L’année 2030 sonne comme la date limite d’utilisation des F/A-18 dans le monde. En effet, selon le rapport de l’US NAVY de 2017, l’avionneur Boeing ne fournira plus les mises à jour logiciels à partir de 2023, amenant progressivement les systèmes en direction d’une obsolescence. Par ailleurs, il ne sera pas possible de garantir aux utilisateurs de l’avion de disposer de pièces détachées à partir de 2032. C’est pour cela que les différents utilisateurs dans le monde travaillent, aujourd’hui au remplacement progressif des F/A-18.

Des travaux de maintenance intenses :

Les appareils F/A‑18 de l’Armée suisse nécessitent un entretien régulier, assuré au quotidien par des mécaniciens engagés sur les Bases aériennes de Payerne, d’Emmen et de Meiringen.

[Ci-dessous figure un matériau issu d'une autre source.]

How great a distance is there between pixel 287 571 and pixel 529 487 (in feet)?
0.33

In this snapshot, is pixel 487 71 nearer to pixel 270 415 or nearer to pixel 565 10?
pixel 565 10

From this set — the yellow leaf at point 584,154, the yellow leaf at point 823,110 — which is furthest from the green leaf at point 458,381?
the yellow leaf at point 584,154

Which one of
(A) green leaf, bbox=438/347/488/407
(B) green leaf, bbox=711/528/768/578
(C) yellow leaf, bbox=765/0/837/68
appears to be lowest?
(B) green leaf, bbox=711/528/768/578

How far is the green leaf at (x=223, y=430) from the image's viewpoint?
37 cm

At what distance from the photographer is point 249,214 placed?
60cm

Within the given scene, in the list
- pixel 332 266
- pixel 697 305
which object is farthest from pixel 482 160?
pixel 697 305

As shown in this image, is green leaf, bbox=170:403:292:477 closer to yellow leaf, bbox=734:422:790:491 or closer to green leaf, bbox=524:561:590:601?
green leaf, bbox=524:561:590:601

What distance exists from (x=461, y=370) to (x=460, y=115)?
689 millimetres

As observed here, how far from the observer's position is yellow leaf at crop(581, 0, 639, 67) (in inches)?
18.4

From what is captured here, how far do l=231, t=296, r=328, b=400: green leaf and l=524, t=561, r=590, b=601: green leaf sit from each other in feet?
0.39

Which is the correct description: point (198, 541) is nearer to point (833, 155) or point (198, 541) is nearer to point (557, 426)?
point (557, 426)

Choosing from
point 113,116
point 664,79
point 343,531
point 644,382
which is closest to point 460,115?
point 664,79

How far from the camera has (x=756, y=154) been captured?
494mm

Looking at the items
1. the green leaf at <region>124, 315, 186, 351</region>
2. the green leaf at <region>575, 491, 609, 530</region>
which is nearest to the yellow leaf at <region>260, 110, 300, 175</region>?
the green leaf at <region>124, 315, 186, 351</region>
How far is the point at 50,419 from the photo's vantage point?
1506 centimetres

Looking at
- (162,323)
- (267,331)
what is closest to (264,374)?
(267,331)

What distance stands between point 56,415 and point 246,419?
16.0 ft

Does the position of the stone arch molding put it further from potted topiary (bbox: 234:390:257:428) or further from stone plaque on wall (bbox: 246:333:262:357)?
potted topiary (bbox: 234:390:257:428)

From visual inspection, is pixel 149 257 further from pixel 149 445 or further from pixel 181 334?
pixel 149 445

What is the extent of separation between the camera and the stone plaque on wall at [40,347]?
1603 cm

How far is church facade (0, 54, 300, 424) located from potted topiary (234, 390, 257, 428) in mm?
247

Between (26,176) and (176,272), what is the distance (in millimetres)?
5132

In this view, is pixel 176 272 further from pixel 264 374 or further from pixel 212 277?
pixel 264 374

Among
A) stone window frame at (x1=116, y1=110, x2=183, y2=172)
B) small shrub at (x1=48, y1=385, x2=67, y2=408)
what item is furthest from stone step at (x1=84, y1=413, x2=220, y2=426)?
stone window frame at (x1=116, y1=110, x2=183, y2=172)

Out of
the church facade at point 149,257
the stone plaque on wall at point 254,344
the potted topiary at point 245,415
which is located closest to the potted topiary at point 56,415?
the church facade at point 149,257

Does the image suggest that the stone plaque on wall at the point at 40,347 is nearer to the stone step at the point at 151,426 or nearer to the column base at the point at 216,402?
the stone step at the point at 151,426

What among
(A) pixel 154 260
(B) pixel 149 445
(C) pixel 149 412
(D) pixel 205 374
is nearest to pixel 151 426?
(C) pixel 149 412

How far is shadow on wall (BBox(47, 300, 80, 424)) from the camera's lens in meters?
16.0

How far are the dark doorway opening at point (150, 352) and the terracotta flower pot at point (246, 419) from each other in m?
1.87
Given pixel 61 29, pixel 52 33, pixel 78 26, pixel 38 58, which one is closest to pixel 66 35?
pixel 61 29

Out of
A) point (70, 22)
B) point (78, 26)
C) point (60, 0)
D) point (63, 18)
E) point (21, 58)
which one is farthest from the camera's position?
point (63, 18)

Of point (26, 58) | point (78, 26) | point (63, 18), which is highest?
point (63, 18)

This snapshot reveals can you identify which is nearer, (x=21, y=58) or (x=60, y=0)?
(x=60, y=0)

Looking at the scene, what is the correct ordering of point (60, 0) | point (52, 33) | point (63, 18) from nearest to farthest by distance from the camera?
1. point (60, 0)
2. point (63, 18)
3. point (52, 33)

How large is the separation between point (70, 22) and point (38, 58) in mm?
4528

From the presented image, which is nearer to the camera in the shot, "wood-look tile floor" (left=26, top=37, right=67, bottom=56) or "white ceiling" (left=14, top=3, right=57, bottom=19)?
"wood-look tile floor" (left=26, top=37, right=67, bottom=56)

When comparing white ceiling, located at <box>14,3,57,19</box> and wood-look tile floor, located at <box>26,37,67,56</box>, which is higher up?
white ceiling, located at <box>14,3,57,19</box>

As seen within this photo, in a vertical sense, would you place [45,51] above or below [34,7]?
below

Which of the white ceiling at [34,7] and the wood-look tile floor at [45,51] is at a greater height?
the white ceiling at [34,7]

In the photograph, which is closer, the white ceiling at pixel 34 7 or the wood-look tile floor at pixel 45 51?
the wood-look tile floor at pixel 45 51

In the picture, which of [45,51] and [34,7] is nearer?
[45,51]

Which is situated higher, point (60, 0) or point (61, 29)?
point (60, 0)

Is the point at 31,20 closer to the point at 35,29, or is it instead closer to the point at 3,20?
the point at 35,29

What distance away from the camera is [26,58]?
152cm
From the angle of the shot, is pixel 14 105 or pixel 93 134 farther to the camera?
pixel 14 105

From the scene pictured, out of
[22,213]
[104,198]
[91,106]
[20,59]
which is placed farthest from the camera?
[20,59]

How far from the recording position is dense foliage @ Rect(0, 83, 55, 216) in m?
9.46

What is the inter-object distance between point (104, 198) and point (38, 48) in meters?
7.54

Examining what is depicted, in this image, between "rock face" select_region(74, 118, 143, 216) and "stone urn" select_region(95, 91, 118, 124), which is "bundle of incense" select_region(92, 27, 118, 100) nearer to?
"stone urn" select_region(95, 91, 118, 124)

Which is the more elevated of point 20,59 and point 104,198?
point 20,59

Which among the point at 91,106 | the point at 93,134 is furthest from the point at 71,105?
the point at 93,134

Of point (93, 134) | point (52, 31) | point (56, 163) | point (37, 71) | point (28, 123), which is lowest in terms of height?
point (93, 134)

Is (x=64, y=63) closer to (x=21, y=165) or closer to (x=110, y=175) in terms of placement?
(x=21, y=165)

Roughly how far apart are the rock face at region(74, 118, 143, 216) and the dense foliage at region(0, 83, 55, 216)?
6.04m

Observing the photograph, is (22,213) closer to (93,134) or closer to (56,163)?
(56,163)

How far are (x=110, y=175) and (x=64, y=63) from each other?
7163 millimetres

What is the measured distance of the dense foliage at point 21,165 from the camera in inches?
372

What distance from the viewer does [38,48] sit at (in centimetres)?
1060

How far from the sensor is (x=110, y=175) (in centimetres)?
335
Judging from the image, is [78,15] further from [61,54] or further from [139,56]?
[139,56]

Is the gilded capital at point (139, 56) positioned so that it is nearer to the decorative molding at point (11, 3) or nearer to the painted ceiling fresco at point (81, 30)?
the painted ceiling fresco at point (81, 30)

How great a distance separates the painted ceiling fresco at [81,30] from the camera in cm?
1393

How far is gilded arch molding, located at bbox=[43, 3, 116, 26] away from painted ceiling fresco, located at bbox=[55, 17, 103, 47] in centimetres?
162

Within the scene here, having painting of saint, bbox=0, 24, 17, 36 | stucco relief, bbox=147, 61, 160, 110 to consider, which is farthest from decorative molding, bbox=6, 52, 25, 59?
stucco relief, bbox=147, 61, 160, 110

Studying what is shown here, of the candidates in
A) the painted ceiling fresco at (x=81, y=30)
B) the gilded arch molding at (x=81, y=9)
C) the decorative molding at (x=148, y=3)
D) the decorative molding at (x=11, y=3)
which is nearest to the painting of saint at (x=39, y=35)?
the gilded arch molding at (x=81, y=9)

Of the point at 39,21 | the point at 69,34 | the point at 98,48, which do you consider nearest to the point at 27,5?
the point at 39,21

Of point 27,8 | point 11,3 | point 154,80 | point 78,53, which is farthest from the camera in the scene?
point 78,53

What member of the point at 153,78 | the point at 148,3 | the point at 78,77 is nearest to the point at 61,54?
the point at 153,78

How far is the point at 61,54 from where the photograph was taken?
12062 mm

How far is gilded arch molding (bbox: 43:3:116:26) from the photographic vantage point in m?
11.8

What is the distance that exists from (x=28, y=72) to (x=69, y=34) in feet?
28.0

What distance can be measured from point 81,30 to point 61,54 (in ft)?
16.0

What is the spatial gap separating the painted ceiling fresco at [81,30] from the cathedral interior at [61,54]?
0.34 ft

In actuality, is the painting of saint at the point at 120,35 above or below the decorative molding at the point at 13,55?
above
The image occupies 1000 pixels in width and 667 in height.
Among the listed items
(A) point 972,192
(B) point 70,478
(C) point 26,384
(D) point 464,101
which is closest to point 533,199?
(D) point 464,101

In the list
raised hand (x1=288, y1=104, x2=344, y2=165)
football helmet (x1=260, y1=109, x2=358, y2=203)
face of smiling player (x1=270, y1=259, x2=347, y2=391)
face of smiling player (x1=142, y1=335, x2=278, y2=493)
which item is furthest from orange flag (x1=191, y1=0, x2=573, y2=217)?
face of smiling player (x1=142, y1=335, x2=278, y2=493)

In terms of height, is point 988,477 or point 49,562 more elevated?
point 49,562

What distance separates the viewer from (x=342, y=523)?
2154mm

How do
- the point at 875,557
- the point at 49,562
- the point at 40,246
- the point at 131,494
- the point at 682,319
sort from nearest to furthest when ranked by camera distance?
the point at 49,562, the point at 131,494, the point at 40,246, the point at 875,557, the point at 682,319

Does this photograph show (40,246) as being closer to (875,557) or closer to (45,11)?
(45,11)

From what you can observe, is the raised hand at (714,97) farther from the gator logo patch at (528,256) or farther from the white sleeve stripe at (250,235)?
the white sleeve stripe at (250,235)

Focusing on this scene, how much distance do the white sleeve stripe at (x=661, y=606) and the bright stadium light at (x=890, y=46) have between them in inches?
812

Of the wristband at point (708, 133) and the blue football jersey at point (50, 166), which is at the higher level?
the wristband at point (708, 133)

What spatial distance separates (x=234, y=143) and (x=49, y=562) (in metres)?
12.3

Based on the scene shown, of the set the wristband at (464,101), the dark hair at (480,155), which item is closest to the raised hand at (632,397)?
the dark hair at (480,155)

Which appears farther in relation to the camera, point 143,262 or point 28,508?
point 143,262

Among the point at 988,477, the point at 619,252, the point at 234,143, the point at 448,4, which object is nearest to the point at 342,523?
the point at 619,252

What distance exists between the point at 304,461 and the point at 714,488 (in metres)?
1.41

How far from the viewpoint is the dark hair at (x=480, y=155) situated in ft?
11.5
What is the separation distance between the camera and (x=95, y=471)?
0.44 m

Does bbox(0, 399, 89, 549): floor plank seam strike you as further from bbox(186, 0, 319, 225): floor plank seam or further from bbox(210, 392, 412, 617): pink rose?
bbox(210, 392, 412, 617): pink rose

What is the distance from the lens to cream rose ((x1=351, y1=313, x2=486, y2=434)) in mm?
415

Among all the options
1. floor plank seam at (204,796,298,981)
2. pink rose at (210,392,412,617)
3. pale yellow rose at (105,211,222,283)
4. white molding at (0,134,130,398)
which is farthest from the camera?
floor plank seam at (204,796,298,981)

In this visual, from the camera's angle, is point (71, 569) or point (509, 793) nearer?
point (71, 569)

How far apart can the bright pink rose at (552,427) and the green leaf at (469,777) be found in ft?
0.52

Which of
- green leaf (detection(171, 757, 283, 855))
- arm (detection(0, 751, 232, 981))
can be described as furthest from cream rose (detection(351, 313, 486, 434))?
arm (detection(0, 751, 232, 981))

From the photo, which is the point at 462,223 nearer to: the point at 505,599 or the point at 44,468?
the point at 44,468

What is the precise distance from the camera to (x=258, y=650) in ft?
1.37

Ces spécialistes vérifient les différents systèmes électroniques, électriques et hydrauliques, remplacent des filtres et lubrifient des composants en fonction des besoins. Outre les contrôles de routine avant et après un vol, les F/A‑18 sont également soumis à des examens planifiés après 50, 10, 200, 300 et 600 heures de vol. Les grands services d’entretien après 300 et 600 heures de vol requièrent un vaste démontage des appareils afin de pouvoir contrôler l’ensemble des systèmes, vérifier certains composants et analyser la structure de l’avion de combat. La maintenance prend beaucoup de temps et malgré le travail en équipes, une partie de la flotte se trouve toujours en cours d’entretien.

Du matériel de remplacement précieux :

La disponibilité des pièces de rechange fait l’objet d’une planification permanente, basée sur les propres expériences et les échanges d’expériences avec d’autres pays. Certains composants comme les gouvernes sont relativement faciles à remplacer si les pièces nécessaires sont disponibles en stock. D’autres éléments comme les sections maîtresses des ailes et du fuselage sont en revanche constitutives de la structure de l’avion et leur remplacement n’est généralement pas prévu par les avionneurs. Ce type d’intervention exige alors des ressources techniques et financières importantes et ne peut être effectué que par des spécialistes qualifiés. Ainsi, depuis l’acquisition des pièces jusqu’à l’achèvement des travaux, une telle intervention peut durer entre une et plusieurs années.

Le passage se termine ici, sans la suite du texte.